Collected material Block Start

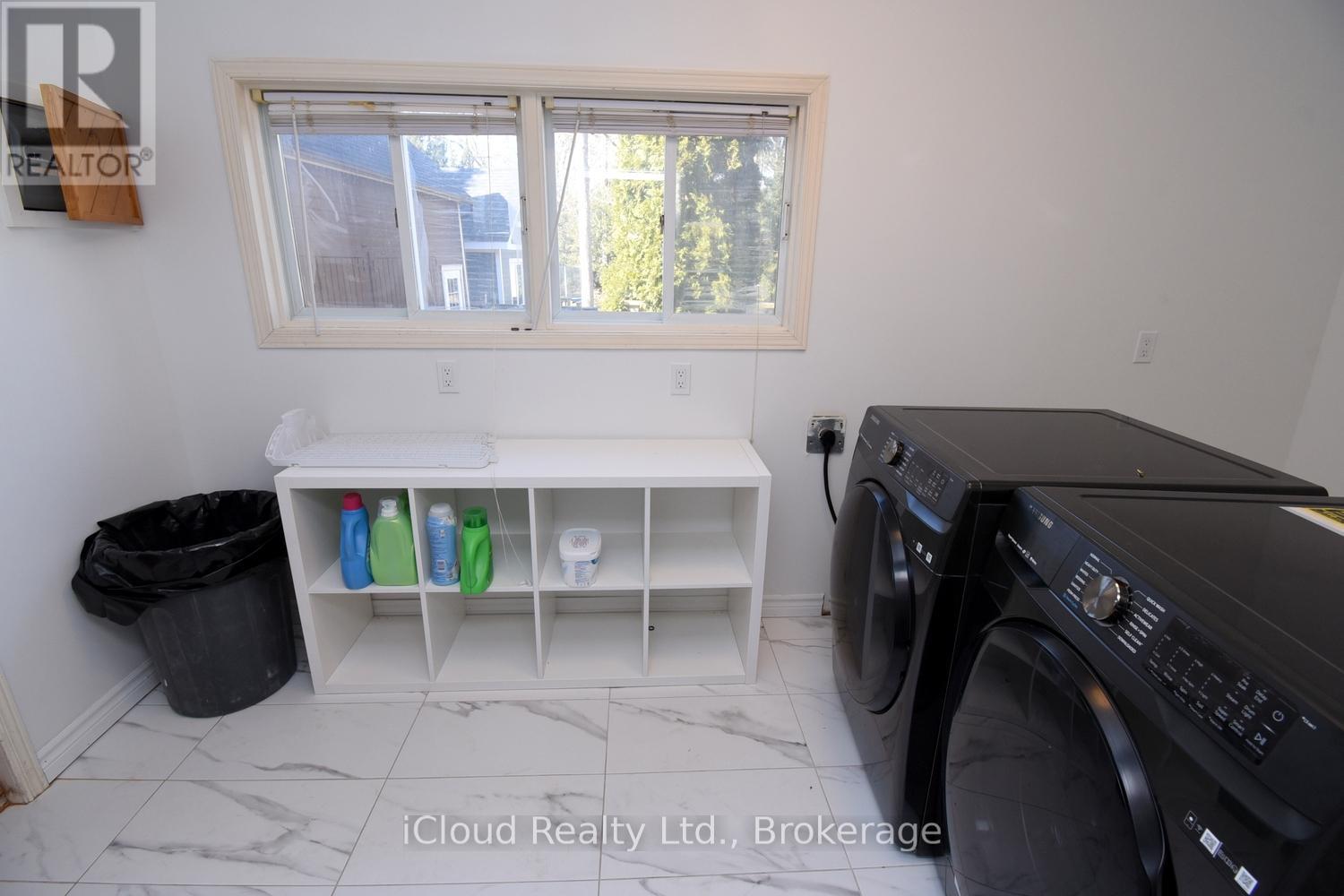 Upper - 2177 Lakeshore Road, Burlington, Ontario  L7R 1A5 - Photo 27 - W12900140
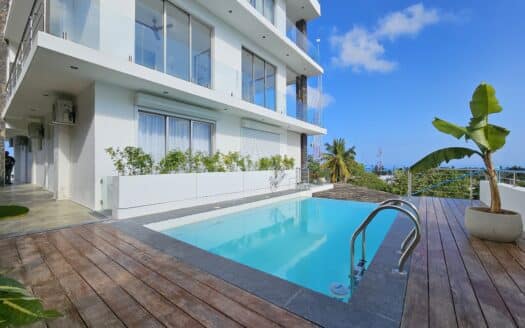 Condominio con vista al mar en el centro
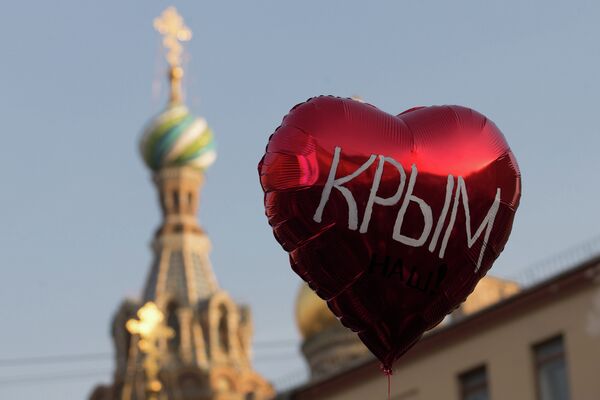 Воздушный шар во время праздничного митинга в Санкт-Петербурге в честь воссоединения Крыма и Севастополя с Россией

Collected material Block End

:: Problem to solve ::
The expected output is every line from the line where "Condominio con vista al mar en el centro" appears to the final line of the material, unchanged and with no pictures.

:: Response ::
 Condominio con vista al mar en el centro
 Воздушный шар во время праздничного митинга в Санкт-Петербурге в честь воссоединения Крыма и Севастополя с Россией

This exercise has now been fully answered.